Mme d'Épernon mourut aussi aux Carmélites du faubourg Saint-Jacques, dans une éminente sainteté. Elle était petite-fille et le seul reste de ce fameux duc d'Épernon, et fille du second et dernier duc d'Épernon, colonel général de l'infanterie après son père et gouverneur de Guyenne, et de sa première femme, bâtarde d'Henri IV et de la marquise de Verneuil, soeur du duc de Verneuil. Mme d'Épernon, par la mort de ce galant duc de Candale, son frère qui mourut à la fleur de son âge colonel général de l'infanterie, en survivance de son père, et général de l'armée de Catalogne, hérita de son père de la dignité de duchesse d'Épernon, mais renonça à l'éclat de ce grand héritage, et aux plus grands, partis qui la voulurent épouser, pour faire profession aux Carmélites, dans un âge où elle avait vu et connu le monde et tout ce qu'il avait d'attrayant pour elle. La reine, Mme la Dauphine et Mme la duchesse de Bourgogne, allant de temps en temps aux Carmélites, étaient toujours averties par le roi de la demander et de la faire asseoir. Elle répondait modestement qu'elle n'était plus que carmélite, et qu'en se la faisant elle avait renoncé à tout, et il ne fallait pas moins que l'autorité de ces princesses pour la faire asseoir, elle et Mme de La Vallière, à leur grand regret.

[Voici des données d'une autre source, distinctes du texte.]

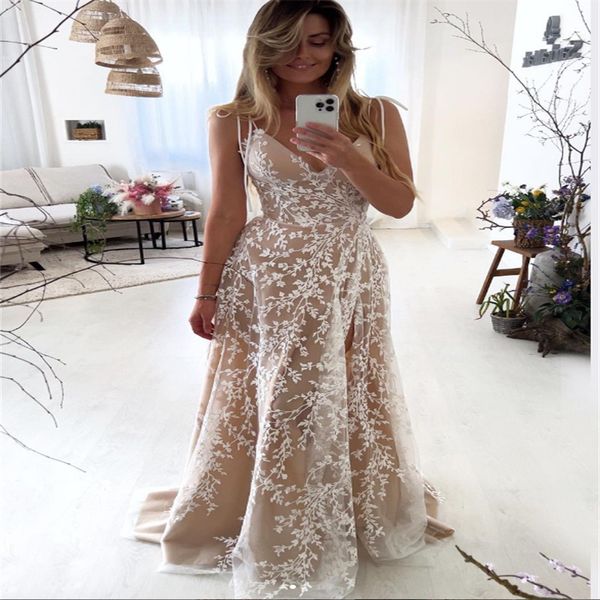 Robe de mariée en dentelle de champagne unique 2023 avec fente élégante robe de mariée de plage Boho rustique hippies celtique jardin extérieur robes de mariée De Novia abito da sposa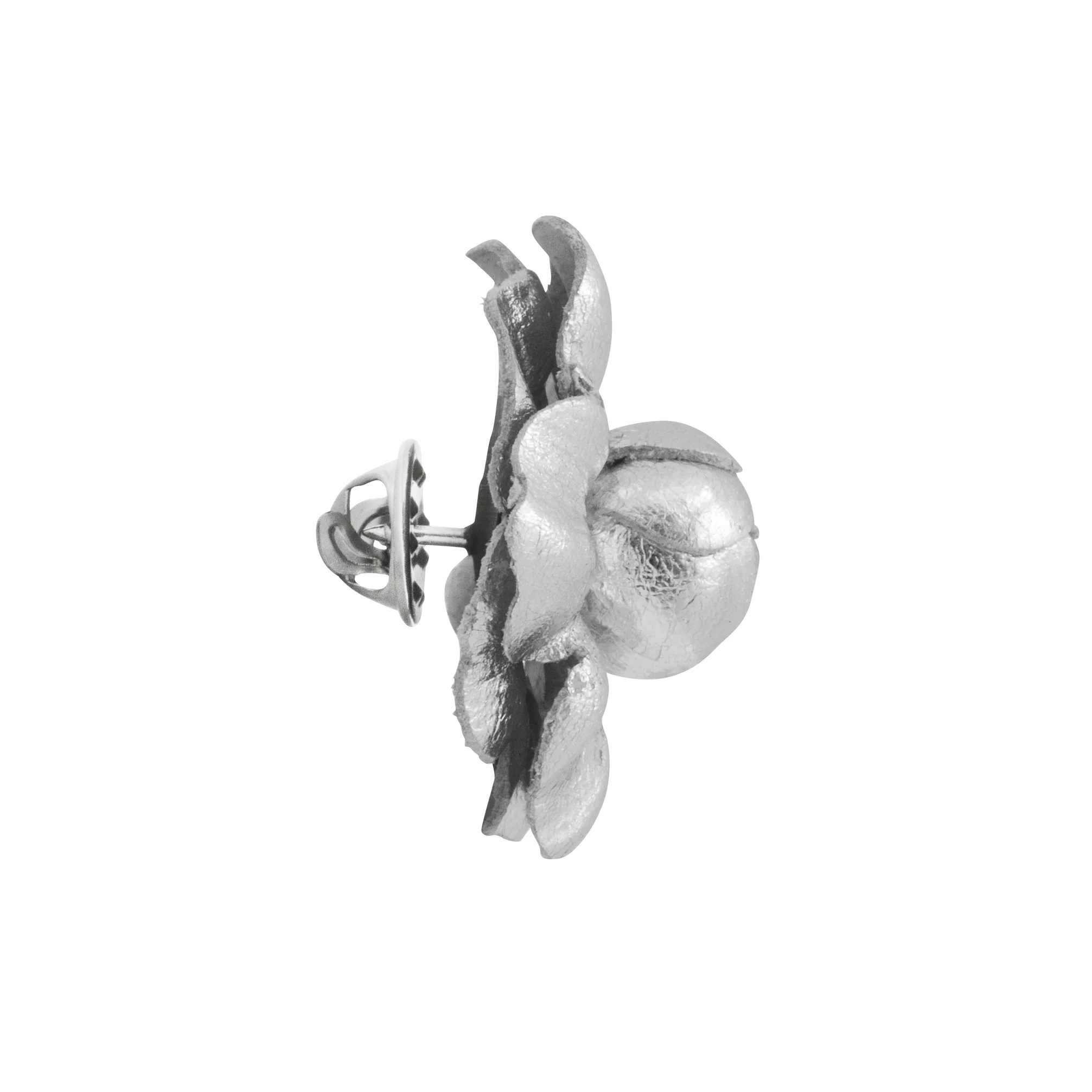 Mini Silver Leather Gardenia profile - Fleur'd Pins.jpg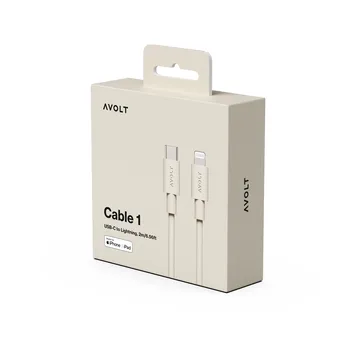 Cable 1 USB C to Lightning charging cable 2m - Nomad Sand - Avolt
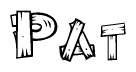 The clipart image shows the name Pat stylized to look as if it has been constructed out of wooden planks or logs. Each letter is designed to resemble pieces of wood.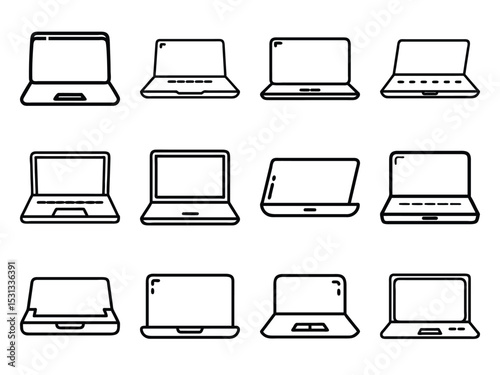 Bundle of Laptop Silhouette Icons in Minimal Line Style on White Background – Portable Computer, Technology, and Device Vector Set for Digital Design

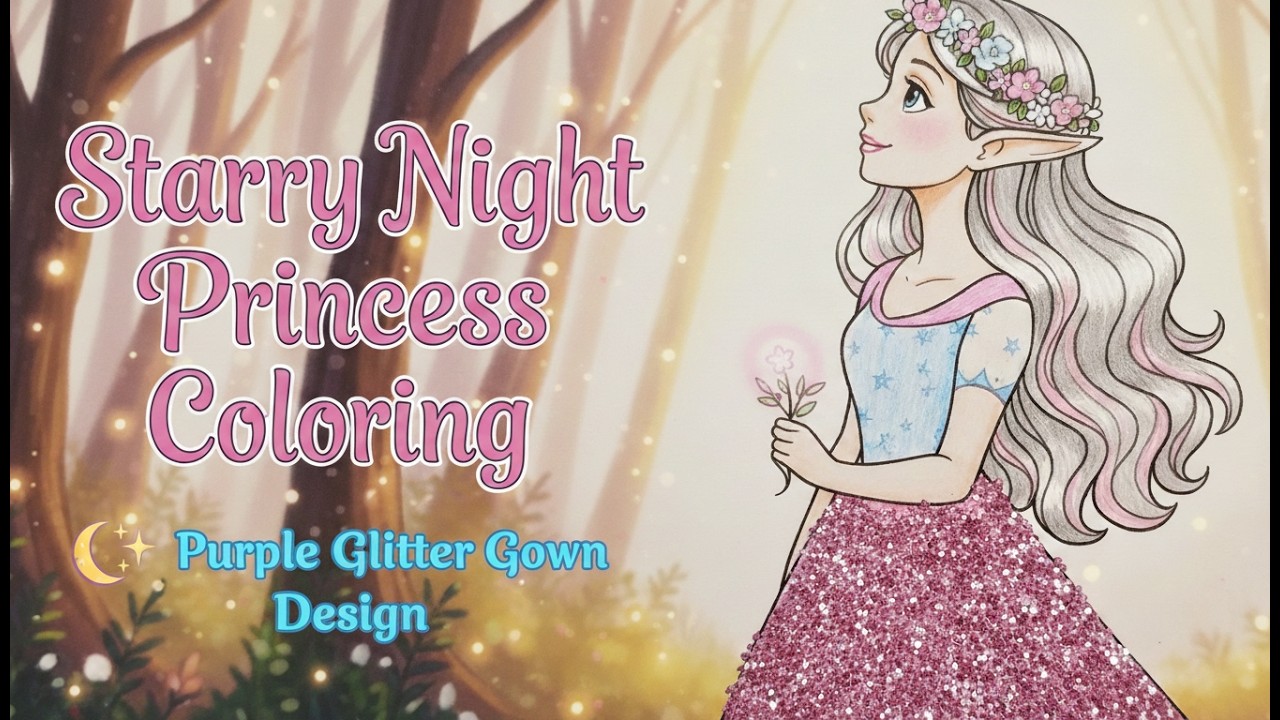 Starry Night Princess Coloring 🌙✨ Purple Glitter Gown Design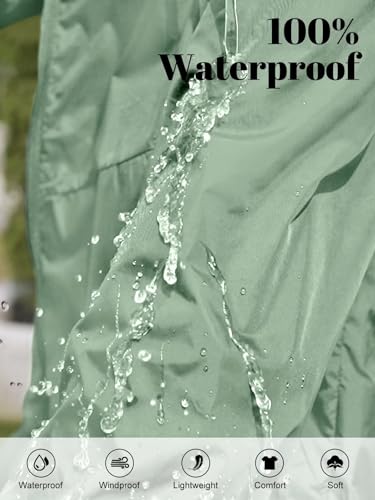 CRIPOM Packable Rain Jacket Women Waterproof Lightweight Jacket With Hood Womens Windbreaker Jacket S-XXL - color: Green, size: Large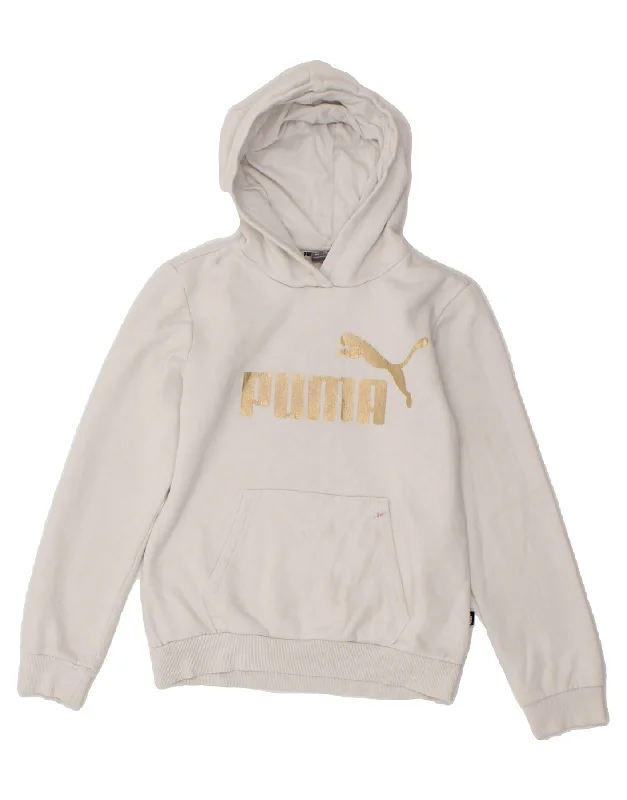 men's hoodie for cold weather -PUMA Girls Graphic Hoodie Jumper 11-12 Years White Cotton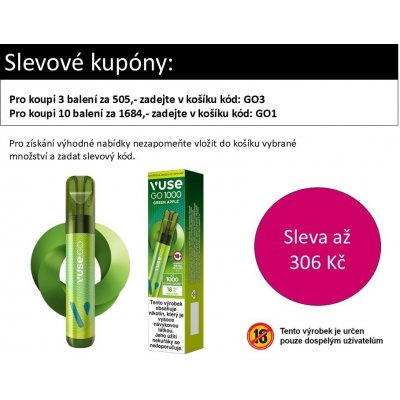 Vuse GO 1000 Pen Green Apple 18 mg 1000 potáhnutí – Hledejceny.cz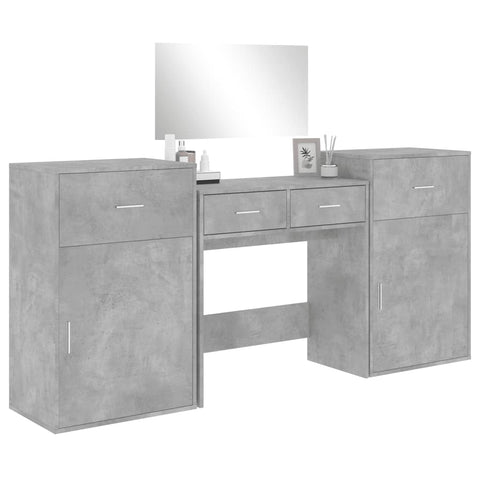 vidaXL 4 Piece Dressing Table Set Concrete Grey Engineered Wood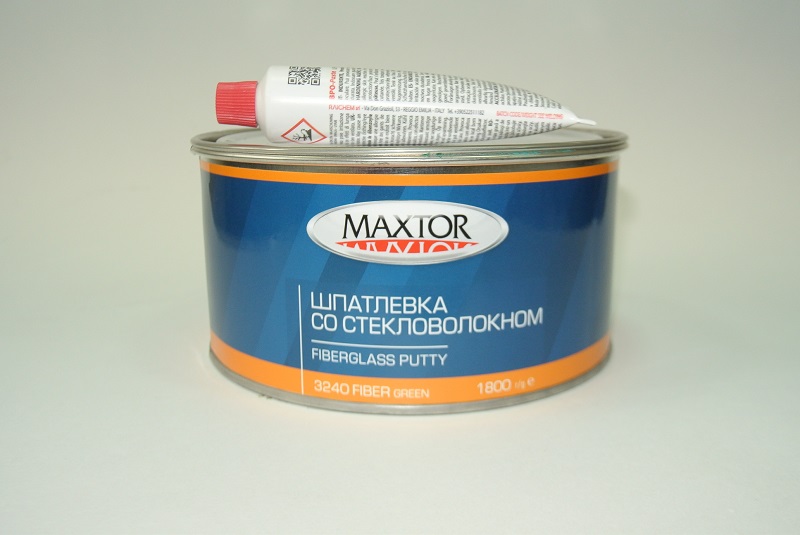 Шпатлевка МАКСТОР со стекловолокном 1,7кг 3240 FIBER GLASS GREEN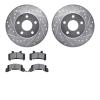 7302-47021 Drilled/Slotted Brake Rotor with 3000-Series Ceramic Brake Pads Kit [Silver], 1985-1991 GM, Position: Front - image 1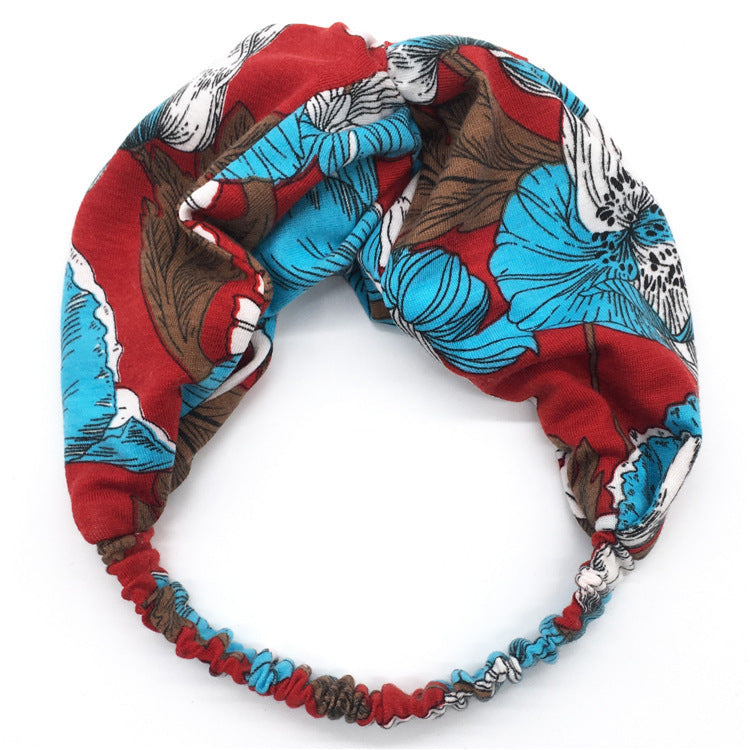 Printed twist front cotton elastic headband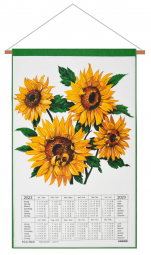 Calendar Kreier 2023 Sunflowers, pure linen, 69 x 41 cm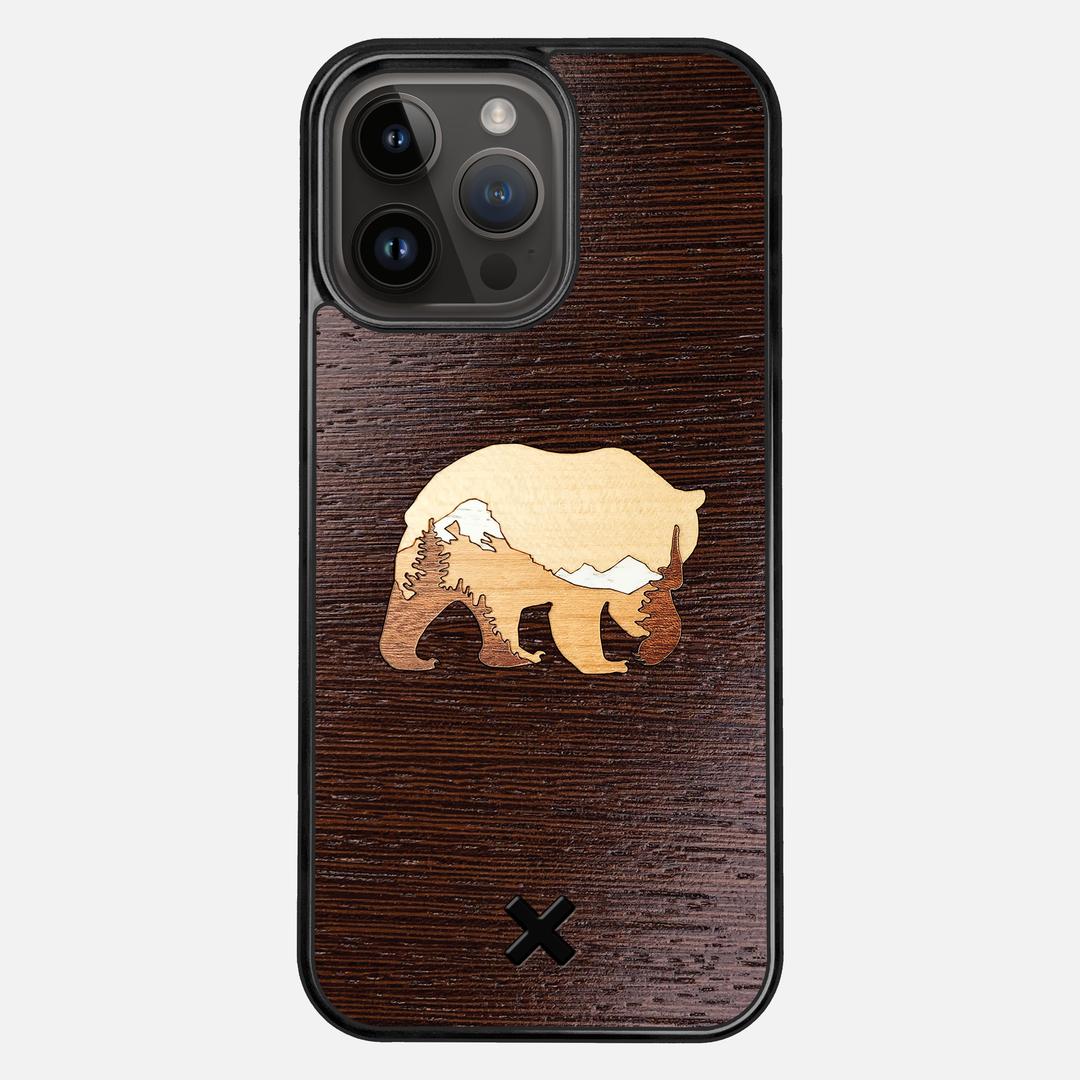 Bear Mountain Case for the Apple iPhone 15 Pro Max featuring a Wenge, Maple, Cherry, and Sapele Wood backer with the Keyway X Mark#Phone Model_iPhone 15 Pro Max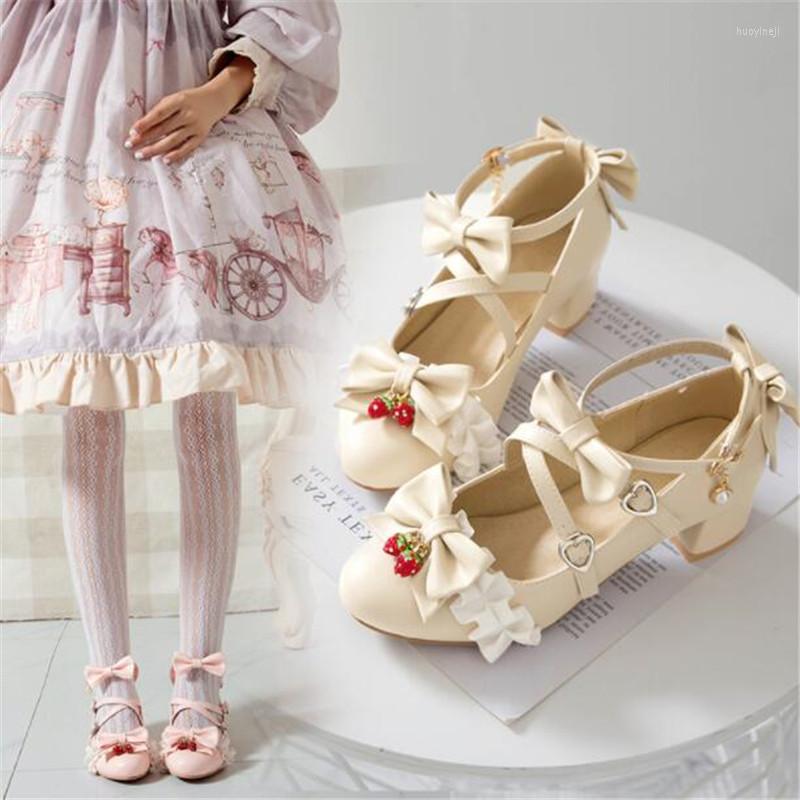 

Shorts Children High Heels Shoes School Students Lolita Girls Princess Shoe Bowknot PU Leather Heel Height 4CM, Beige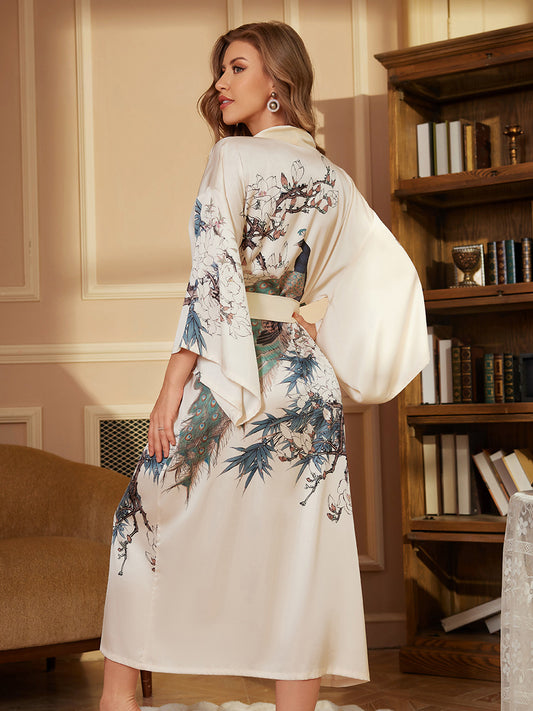 Peacock Floral Satin Kimono Robe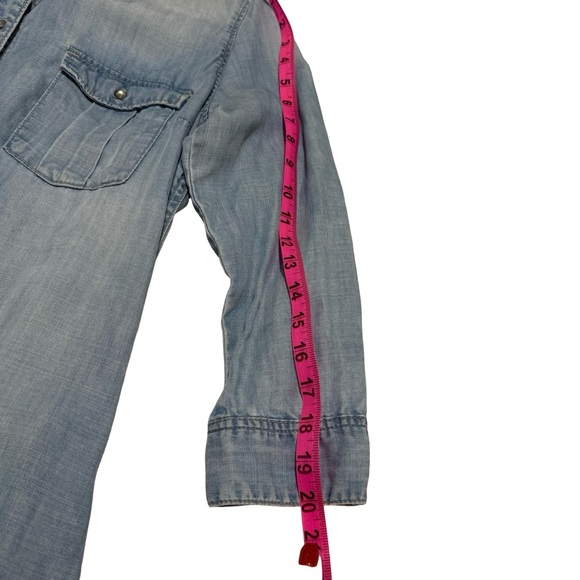 H&M Denim Chambray Midi Button Down Shirt Dress size 12 - Picture 8 of 11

M. de Lavardin, lieutenant général de Bretagne, si connu par l'étrange ambassade où il se fit excommunier par Innocent XI, sans avoir jamais pu obtenir audience de lui, mourut à cinquante-cinq ans. Il était chevalier de l'ordre. C'était un gros homme extrêmement laid, de beaucoup d'esprit et fort orné, et d'une médiocre conduite. Il avait épousé en premières noces une soeur du duc de Chevreuse, dont il n'eut que Mme de La Châtre. Il s'était remarié à la soeur du duc et du cardinal de Noailles, dont il était veuf. Il en laissa une fille et un fils jeunes, auquel il défendit au lit de la mort, sous peine de sa malédiction, d'épouser jamais une Noailles, et le recommanda ainsi au cardinal de Noailles son beau-frère. Nous verrons dans la suite qu'il fut mal obéi, mais que sa malédiction n'eut que trop son effet. On l'accusait d'être fort avare, difficile à vivre, et d'avoir hérité de la lèpre des Rostaing, dont était sa mère. Il disait que de sa vie il n'était sorti de table sans appétit, et assez pour bien manger encore. Sa goutte, sa gravelle, et l'âge où il mourut, ne persuadèrent personne d'imiter son régime.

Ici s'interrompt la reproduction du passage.